I will let you know how often I bottle out and end up indoors! Hopefully I will be so knackered i will sleep like a log


----------



## vernon (24 Jan 2008)

jay clock said:


> I will let you know how often I bottle out and end up indoors! Hopefully I will be so knackered i will sleep like a log



I'm sure that you will sleep soundly. The only time my sleep was broken on tour was when the temperatures dipped unexpectedly. 2006 was unseasonably cold in the SW of England during August and on a couple of nights in 2007 I resorted to wearing gloves and a hat to help keep warm. One invaluable tip that I picked up from a fellow tourer was to take a lightweight poncho. 

It's multi funtional - a basha which I never explored
A picnic rug - tried once or twice on dampish ground it worked.
Adding a season's warmth rating to a light weight sleeping bag - worked beautifully though i suspect your silk liner will do a similar job
A belt and braces job as an extra flysheet in really heavy rain - never needed to try it.
Poncho - it worked well.
Have a great time. Look forwars to reports in due course.


----------



## Bigtallfatbloke (24 Jan 2008)

You asked for a cheap tent recommendation...well this is my tent. You can pick one up at Decathlon for under £70 ish

http://www.quechua.com/EN/t2-ultralight-pro-4225812/

I'm a big bloke and it works for me. Easy to put up/take down, packs down very small...2kg including all pegs, stuff sac etc It has a double skin, pitches all at once, two vents, and reasonable 'porch' (big enough to cook in if necessary).
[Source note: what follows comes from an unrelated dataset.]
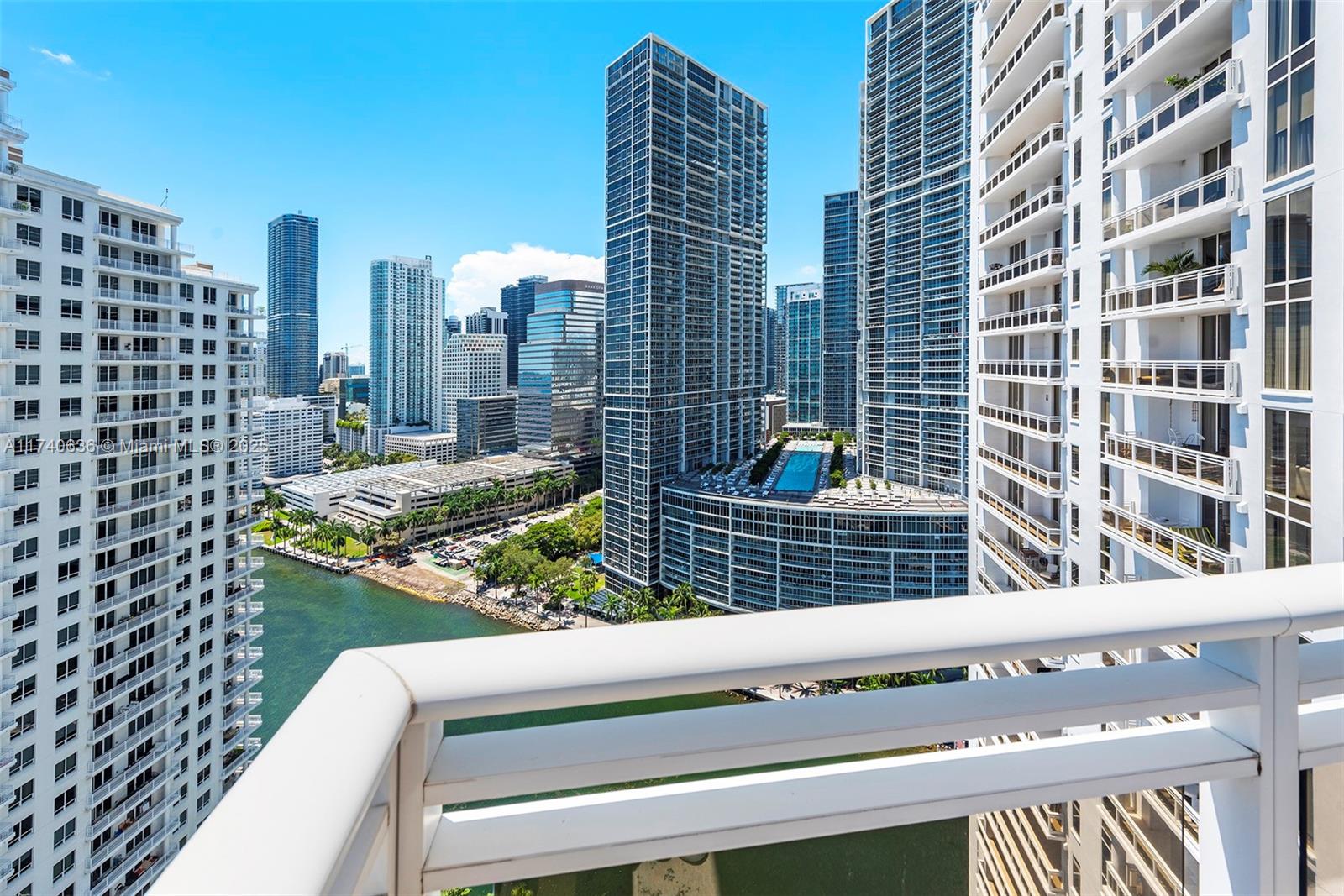 901 Brickell Key Blvd #2808, Miami FL 33131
The ground sheet is thin but adequate..althoughI do also carry a footprint cut from cheap B&Q blue tarp (about £3 for enough to cover a car!)...it's also black and inconspicuos for any wild camps. It survived 40mph gusting winds last summer on the coast when other tents around me were falling apart. I would say however that this is a summer/spring tent..if I were touring in the winter I would use something else probably.


----------



## vernon (24 Jan 2008)

Bigtallfatbloke said:


> I would say however that this is a summer/spring tent..if I were touring in the winter I would use something else probably.



A hotel?


----------



## bonj2 (25 Jan 2008)

Tony said:


> Bonj, what makes you think you'll be able to contact someone in case of mechanical failure? No mobile reception, no public phones, no traffic, no PEOPLE. I've ridden in places where it is 100 miles between spots that had a phone signal, and if there was more than one vehicle in any direction in twenty minutes it was rush hour. Bodging in those circumstances is essential.
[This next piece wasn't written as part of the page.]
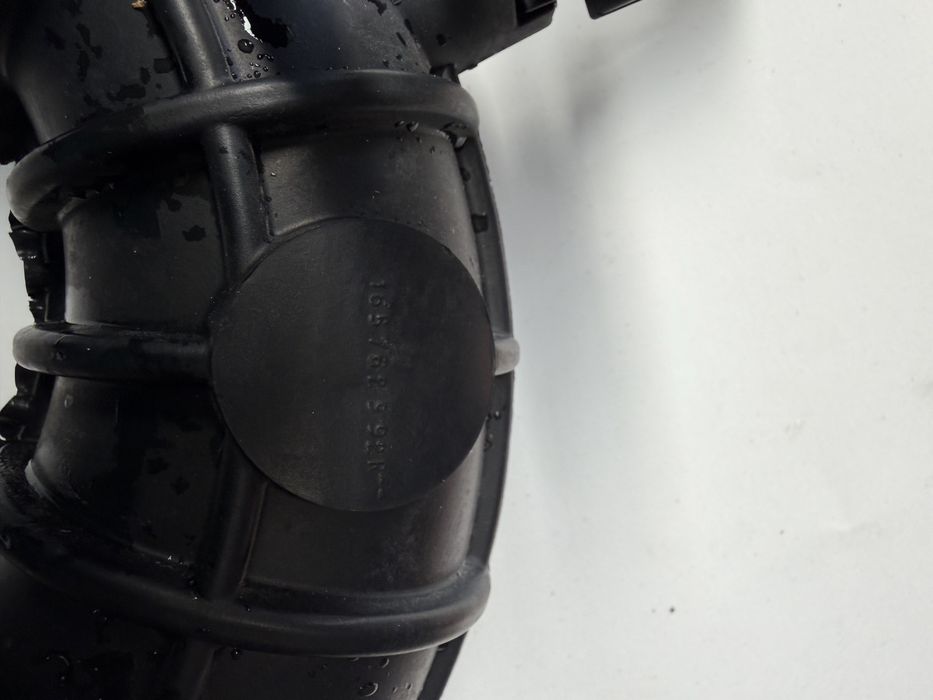 Furtun admisie aer / filtru aer cod 165788998R.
Well why is it _necessary_ to go so far away from civilisation you're 100 miles from a mobile signal let alone any other people or a village? Why do you _need_ to trek to the unexplored reaches of the forest of outer borneo to have a good time?
People forget that 'wilderness' and 'beautiful countryside' aren't necessarily synonymous. It isn't necessary to get away from all traces of human civilisation to enjoy a new and interesting part of the world. In fact often it's more interesting if there IS civilisation. A tree's a tree, we've all seen forests and rocks and beaches before. Whether they're 100 miles from the nearest mobile phone signal or just on the outskirts of a picturesque little village is immaterial really.





vernon said:


> No problems with your views coinciding with Bonj's. You views however are informed by cycle touring experience albeit without a tent. Bonj's views are uninformed by the ownership of an aluminium framed bike and not a lot more.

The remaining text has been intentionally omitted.